Our discussion of the emergence of key ideas in financial economics has focused mainly on the development of economic theories. That is, a range of theoretical results have been discussed (for example, the Capital Asset Pricing Model) that have been developed deductively from a set of starting axioms (investor risk aversion and non-satiation, and so forth). In all cases, these results were subject to various forms of empirical testing, and such testing has consistently formed a substantial part of financial economics’ research output. But this final section is somewhat different in that it is related to a stream of work that is intrinsically empirical: it is focused first and foremost on how well ‘real-life’ financial markets work—not in theory, but in practice. In particular, this stream of financial economics considers the informational efficiency of financial markets’ prices. Pricing efficiency in this context refers to how well market prices reflect relevant information and how quickly prices react to new information. Its empirical nature and its implications for the possible lack of usefulness of large swathes of financial services practitioners have made it one of the most contentious areas of financial economics. This was true many decades ago and it remains true today, particularly as later research has painted a more complex and nuanced picture of real-life market behaviour than that implied by market efficiency’s major research results of the 1960s and early 1970s.

We noted some detailed empirical studies of stock price behaviour in the discussion of option pricing theory—in particular, Osborne’s 1959 research that provided an empirical basis for the use of geometric Brownian motion as a reasonable model of stock price behaviour. There are also some earlier examples of empirical research that date back to the first half of the twentieth century. But improvements in the collation of security price data and growing computing power stimulated a new wave of empirical analysis of security prices in the 1950s.

Besides Osborne, another important example of this empirical work was provided by Maurice Kendall, who was director of research techniques at the London School of Economics. Kendall presented a detailed empirical study of the time series behaviour of financial market prices to the Royal Statistical Society in 1952.[1] The study provided the most detailed statistical analysis to date of the time series behaviour of stock prices.
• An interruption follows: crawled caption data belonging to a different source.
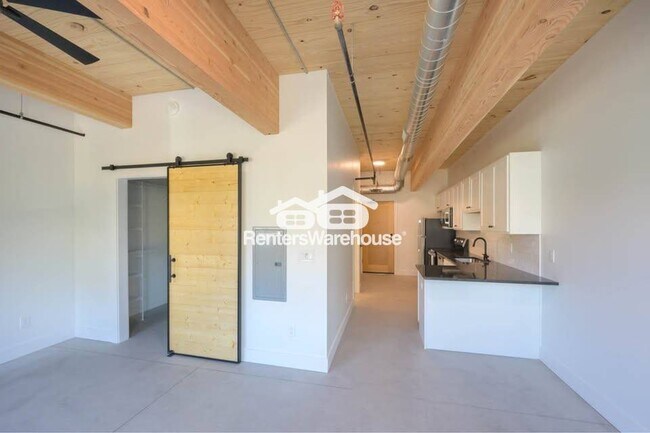 Photo - 2701 Ingersoll Ave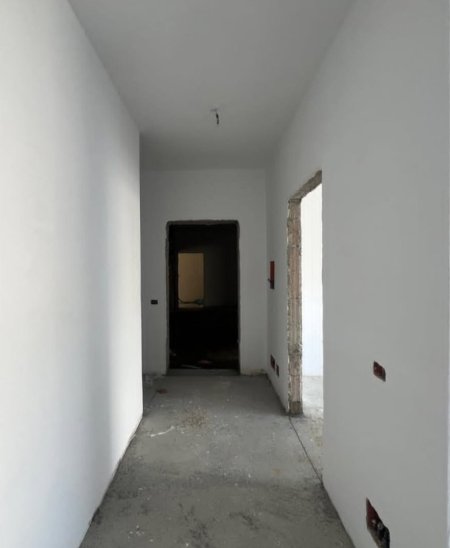 Tirane, shitet apartament 2+1 Kati 5, 120 m² 340.000 € (KOMUNA E PARISIT)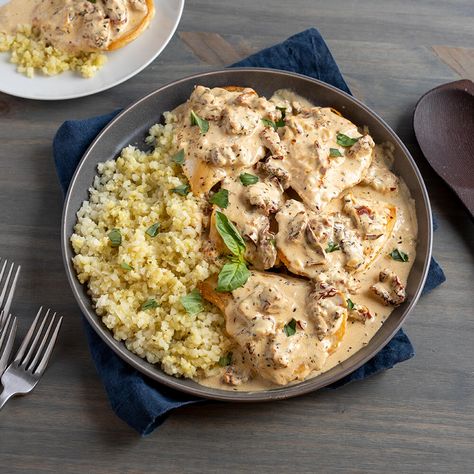 You’ve seen it all over social media and guess what? This Marry Me Chicken recipe is a great keto-friendly, low carb meal that your whole family will love! Make our marry me chicken recipe with Birds Eye® Cauliflower Rice to soak up all of the delicious sauce! Marry Me Chicken Recipe, Ready Set Eat, Fried Cauliflower, Mashed Cauliflower, Favorite Side Dish, Frozen Meals, No Carb Diets, Chicken Breast Recipes, Easy Chicken Recipes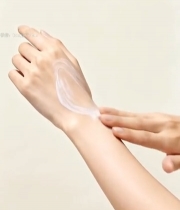  手部涂抹护肤品场景3668#竖屏 	 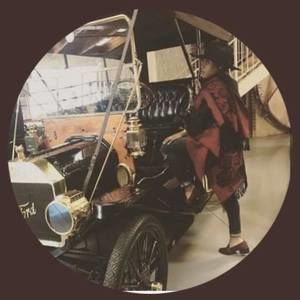 Meet your Posher, Gwendolyn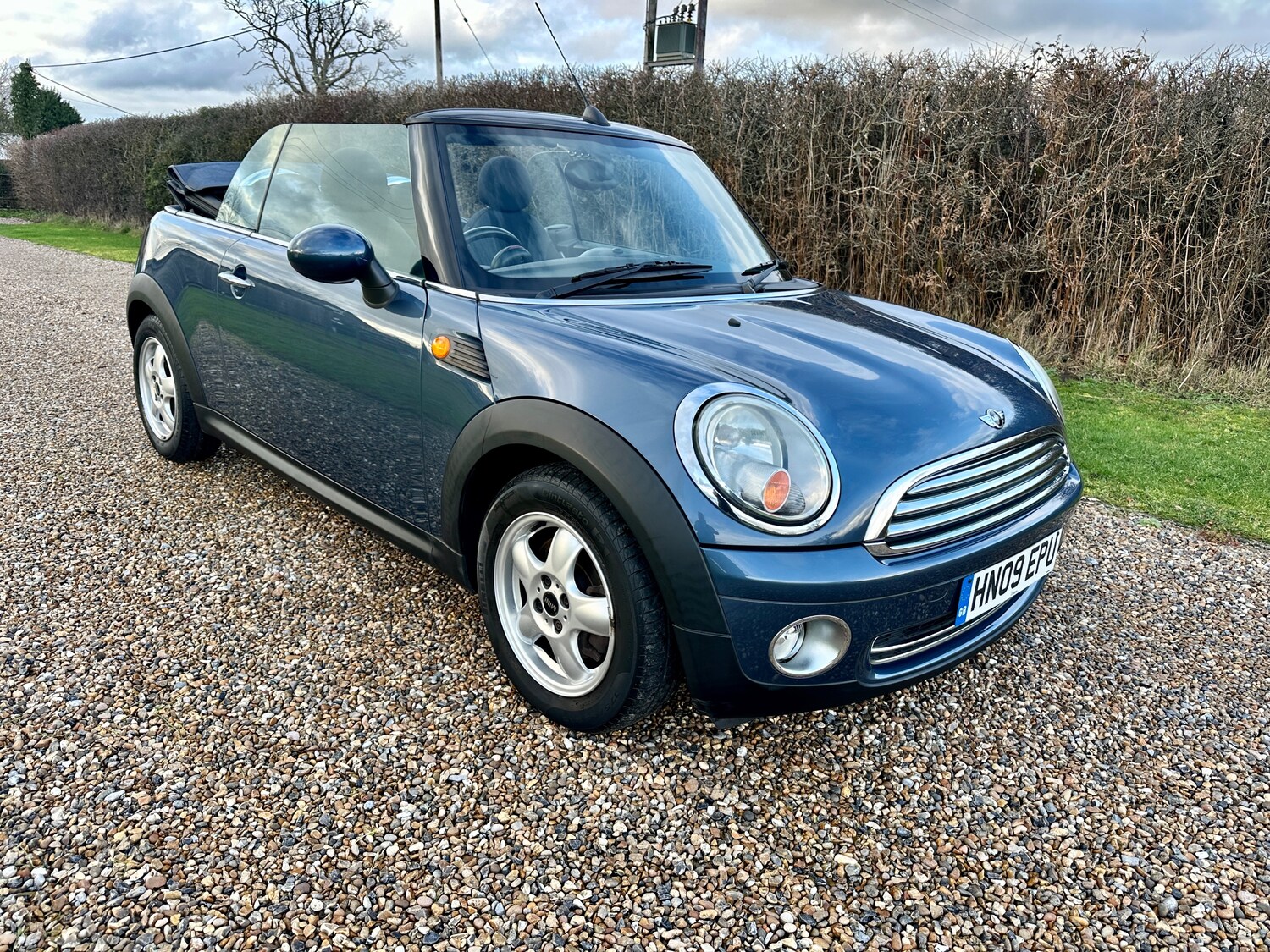 Used MINI Convertible 2009 for sale - 77997744: Photo 20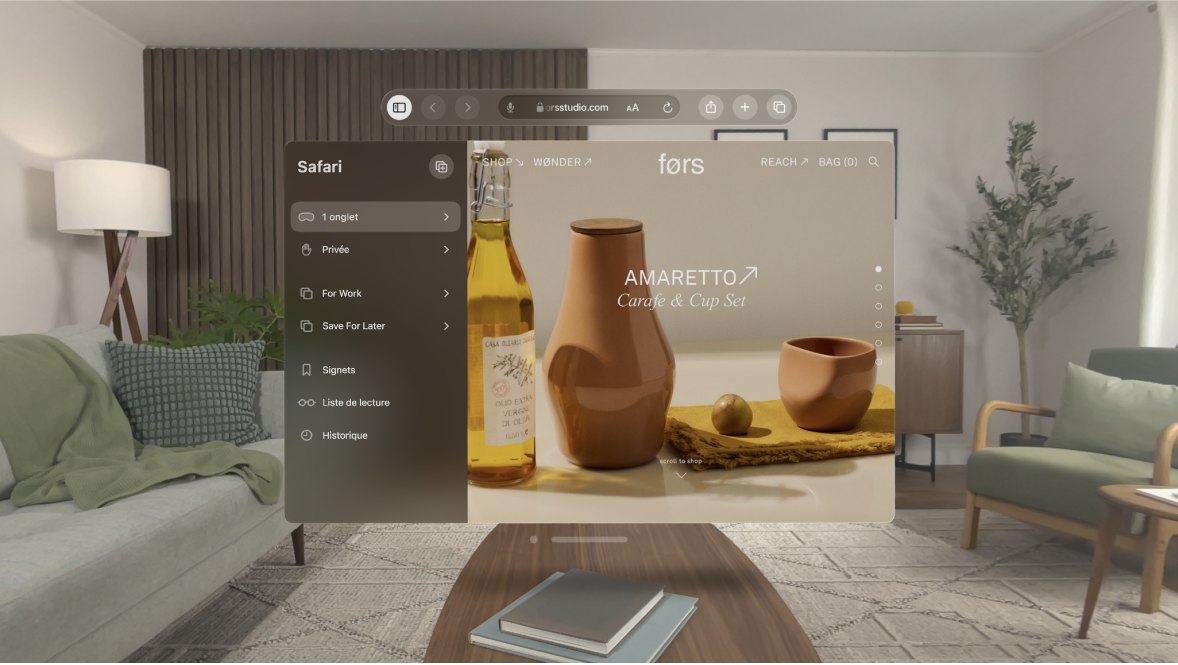 L’app Safari sur l’Apple Vision Pro, présentant un site web ouvert et la barre latérale.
Kendall considered UK equity market behaviour over the ten-year period between 1928 and 1938, and wheat prices on the Chicago Board of Trade between 1883 and 1934. In both cases he could find little evidence of statistically significant serial correlations at any time-lag. As a trained economist with a faith in rational market responses to the business cycle, this lack of trend or apparent signal in the price process confused and alarmed Kendall:

At first sight, the implications are disturbing ... it seems that the change in price from one week to the next is practically independent of the change from that week to the week after. This alone is enough to show that it is impossible to predict the price from week to week from the series itself ... The series looks like a “wandering” one, almost as if once a week the Demon of Chance drew a random number from a symmetrical population of fixed dispersion and added it to the current price to determine the next week’s price.[2]
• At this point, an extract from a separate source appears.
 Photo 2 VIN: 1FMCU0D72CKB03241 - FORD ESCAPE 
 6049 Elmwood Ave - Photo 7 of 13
Professor R.G.D. Allen, in his vote of thanks, shared Kendall’s despondency, noting that the paper’s results were ‘a very depressing kind of conclusion to the economist’.[3] However, some speakers from the floor had a different economic interpretation for the lack of trend or predictability in the price data. A Professor Champernowne commented that ‘the low serial correlation coefficients found in this particular series may reflect the success with which the professionals are doing their job’,[4] whilst Professor Paish elaborated: ‘It seems inevitable that where prices are based on expectations markets are as likely to go down as up. If the markets thought they were more likely to go up they would have gone up already.’[5]

A decade after Kendall’s empirical study, Paul Samuelson published a theoretical paper, ‘Proof that Properly Anticipated Prices Fluctuate Randomly’.[6]
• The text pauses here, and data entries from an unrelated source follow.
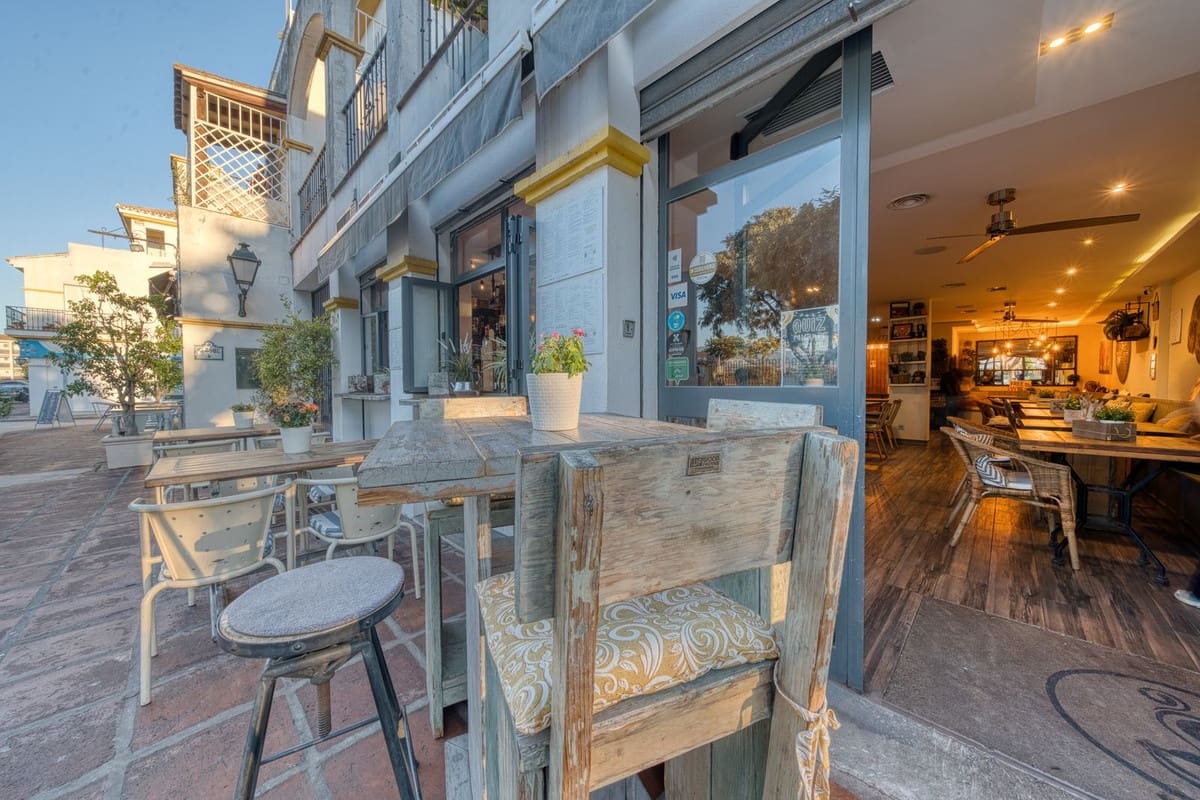 Comercial para venda em San Pedro de Alcantara - 525 000 € (Ref: 9415495)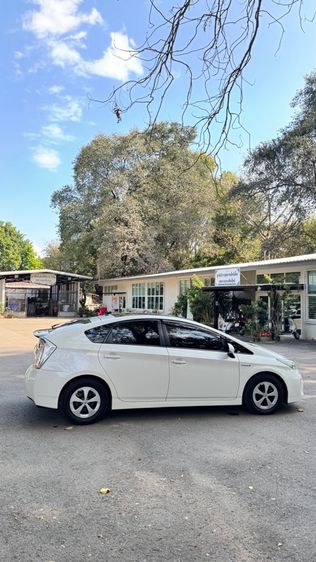 Toyota Prius 2012 1.8 Hybrid Top Option Grade Sedan ไฮบริด ไม่ติดแก๊ส เกียร์อัตโนมัติ ขาว รูปที่ 2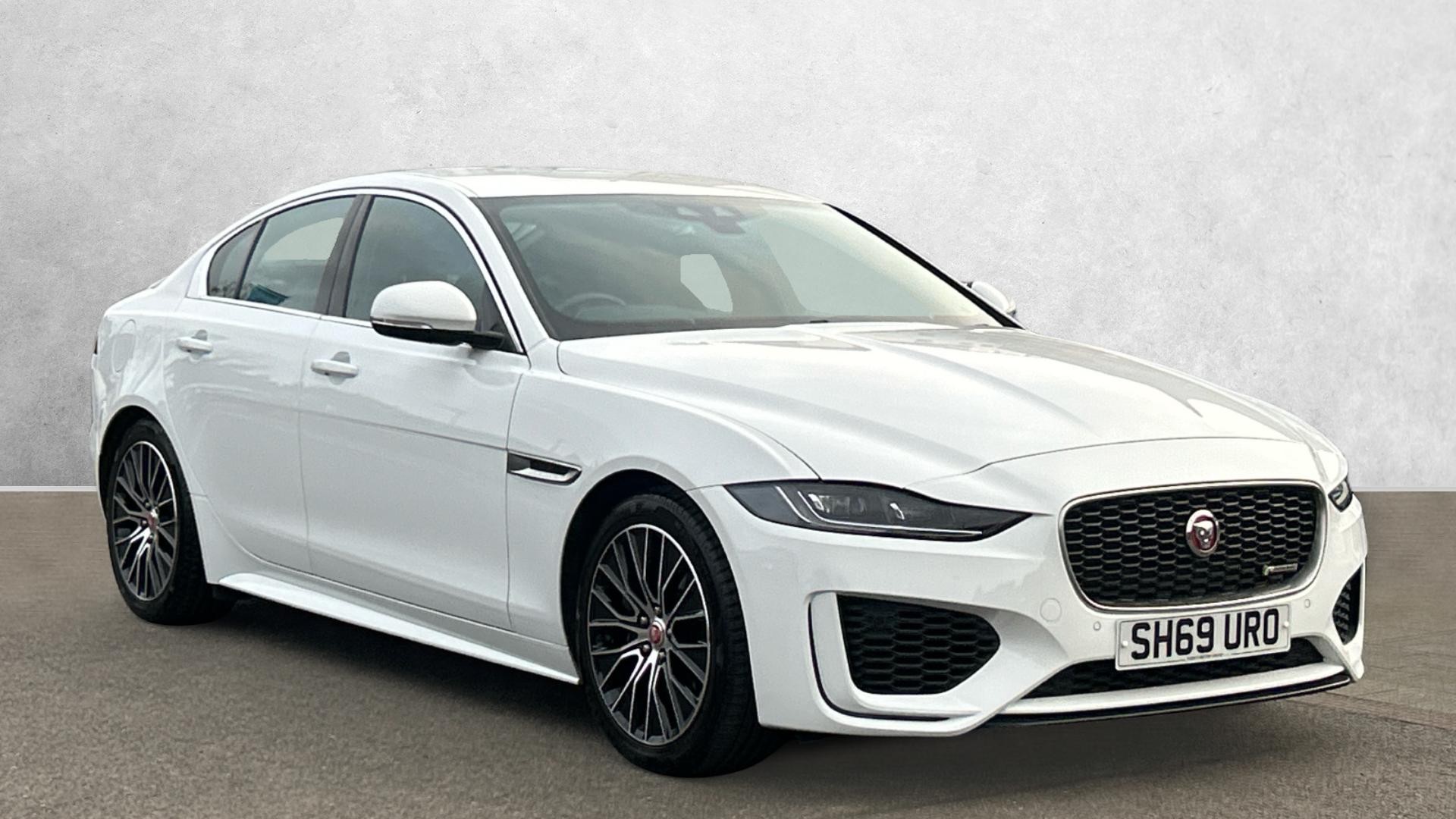 Main listing image - Jaguar XE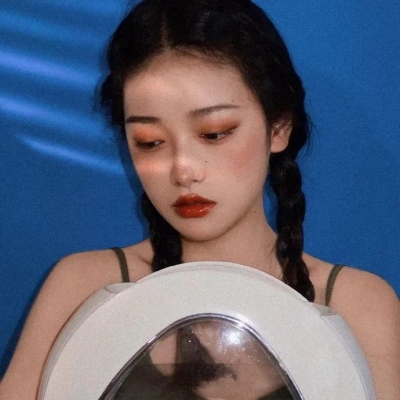 超火个性女生头像合集 共18张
This paper provided some mathematical formality to the intuitions of Professors Champernowne and Paish: in well-functioning markets, the no-serial-correlation results of Kendall were exactly what should happen. But Samuelson was not the first to argue that well-behaved prices should exhibit random fluctuations. Louis Bachelier’s arithmetic Brownian motion process was almost certainly the first no-serial-correlation model of the stochastic paths of financial market prices. In his (translated) words: ‘the mathematical expectations of the buyer and the seller are zero’.[7]

In 1965, Eugene Fama, then a young assistant professor at the University of Chicago Business School, published a research paper, ‘The Behaviour of Stock Market Prices’.[8] As an empirical study of the statistical properties of stock market prices, this covered some similar ground to Kendall, but was more comprehensive and wide-ranging. Like Kendall, Fama found that serial correlations in daily stock returns were generally very low (Fama tested the returns of US stocks in the Dow Jones Industrial Average over the period 1957-1962). He also performed some other forms of statistical tests such as runs tests to provide further evidence of statistical independence of returns through time.

Fama’s paper covered a couple of other important topics that would become increasingly relevant in future years. First, Fama analysed the shape of the distribution of returns. He concluded that there was strong statistical evidence that daily stock returns had fatter tails than those implied by a normal distribution. Second, as well as considering the behaviour of individual stocks, he also analysed empirical data on the returns of mutual funds (he considered 39 mutual funds over the period from 1950 to 1960). His analysis led him to two conclusions: mutual funds, as a whole asset class, did not beat the equity market over the period; and no mutual fund consistently outperformed the others year-on-year through the ten-year period.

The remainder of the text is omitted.